L’impero giapponese – paese industrialmente sviluppato ma povero di materie prime – si trovò a questo punto di fronte a una scelta: piegarsi alle richieste delle potenze occidentali, che esigevano il ritiro delle truppe giapponesi dall’Indocina e dalla Cina; o scatenare la guerra per conquistare nuovi territori e procurarsi così le materie prime di cui necessitava. Il governo giapponese scelse la strada della guerra.
Che cosa accadde nell’attacco a Pearl Harbor?
All’alba della domenica del 7 dicembre 1941, l’aviazione giapponese, comandata dall’ammiraglio Isoroku Yamamoto, con un’azione a sorpresa veloce e schiacciante, attaccò, senza previa dichiarazione di guerra, la flotta statunitense concentrata nella baia di Pearl Harbor, nelle Hawaii. In un solo attacco, della durata di due ore, la potente macchina da guerra americana fu distrutta in buona parte.
Nell’attacco a Pearl Harbor morirono 2331 soldati e 55 civili americani; i feriti furono 1139. Le navi danneggiate o distrutte furono nel complesso diciotto. 188 aerei statunitensi vennero distrutti al suolo, oltre 150 danneggiati. Le perdite giapponesi, al confronto, furono insignificanti: 55 uomini, 29 aerei, 5 minisottomarini.
Che cosa accadde dopo l’attacco Pearl Harbor?

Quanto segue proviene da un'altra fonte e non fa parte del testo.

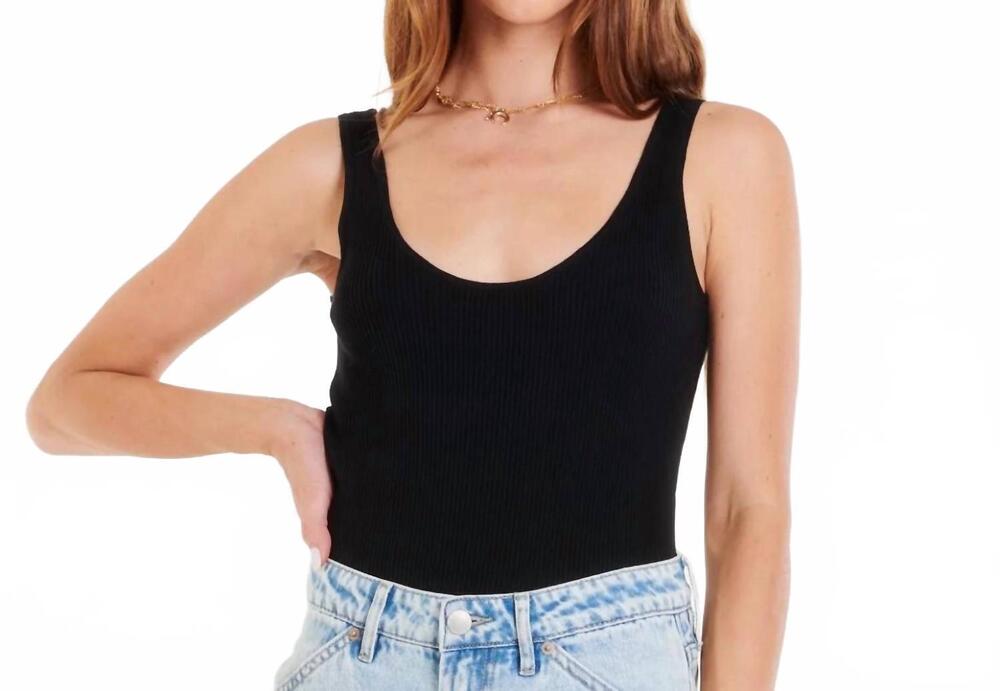 NEW ANOTHER LOVE eve ribbed bodysuit in black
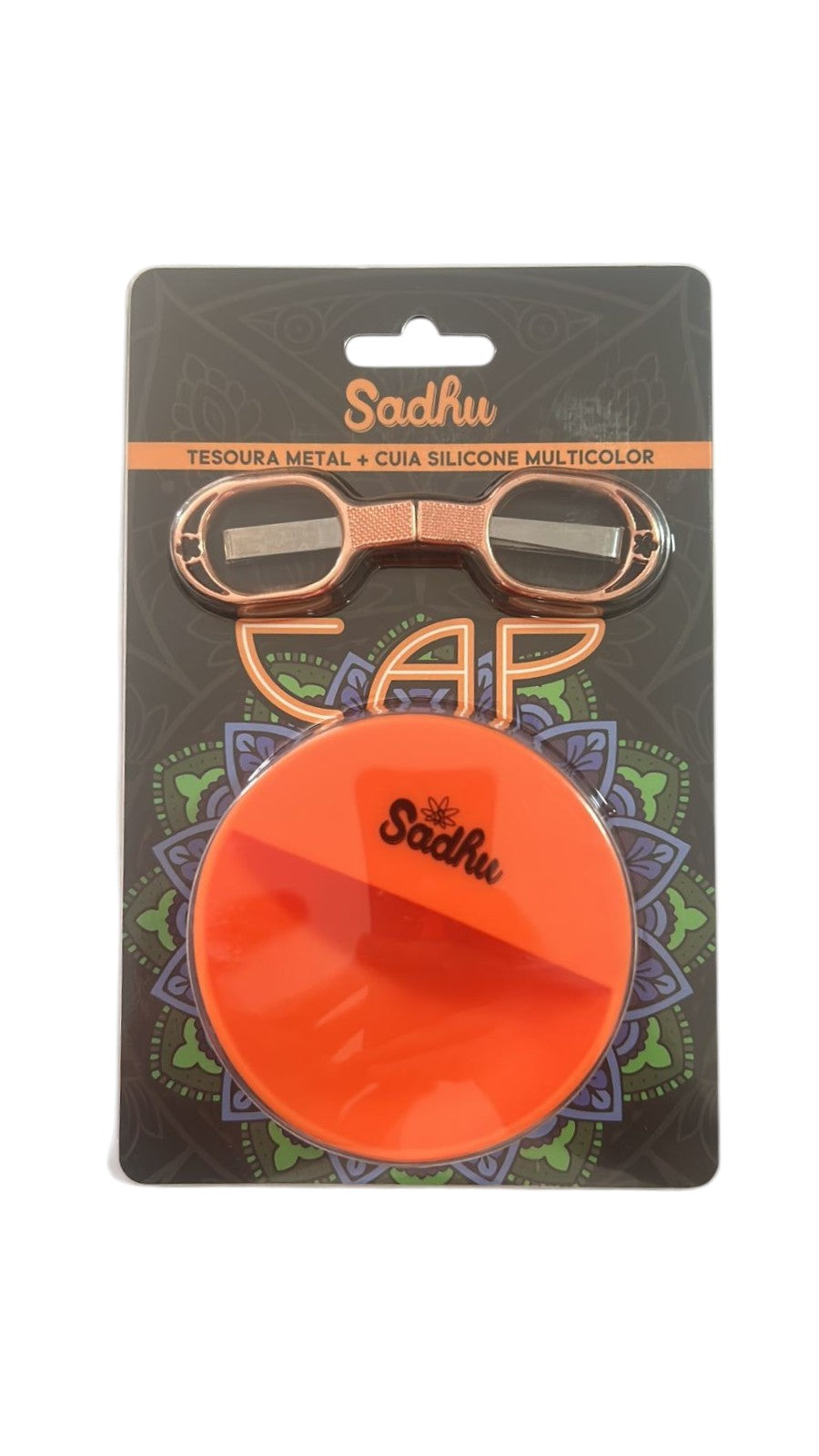 Kit Tesoura Dobrável de Metal + Cuia Sadhu Cap Multicolor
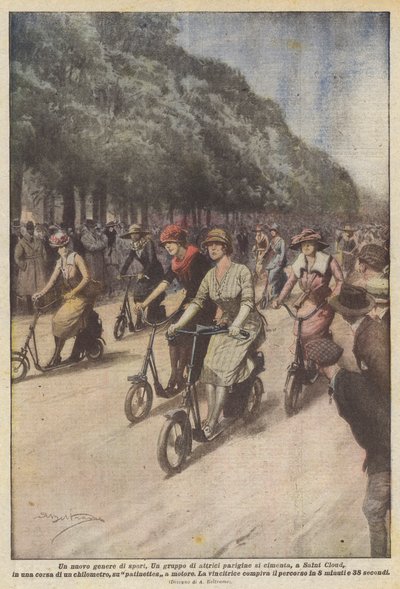 A New Kind of Sport, A Group of Parisian Actresses Competing in a Race at Saint Cloud by Achille Beltrame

Il giorno dopo, il presidente americano Franklin Delano Roosevelt tenne un discorso alla nazione: proclamò il 7 dicembre 1941 “Day of Infamy”, “Giornata dell’Infamia”, suscitando nel Paese un’ondata di furore, che gli fornì un valido motivo per partecipare al conflitto. Da tempo, infatti, il presidente americano Roosevelt era favorevole all’entrata in guerra, però la maggioranza dell’opinione pubblica era contraria al conflitto, anche perché esso si svolgeva lontano, in Europa, e non toccava i sentimenti degli Americani.
Pochi giorni dopo l’attacco a Pearl Harbor anche Germania e Italia dichiararono guerra agli Stati Uniti (11 dicembre 1941). Il Giappone infatti era la maggiore potenza dell’emisfero orientale e il principale alleato asiatico di Germania e Italia. A Germania e Italia, il Giappone era legato, dal settembre 1940, da un patto di alleanza detto Patto tripartito (anche detto “Asse Roma-Berlino-Tokyo”). Il conflitto diventò a questo punto veramente mondiale.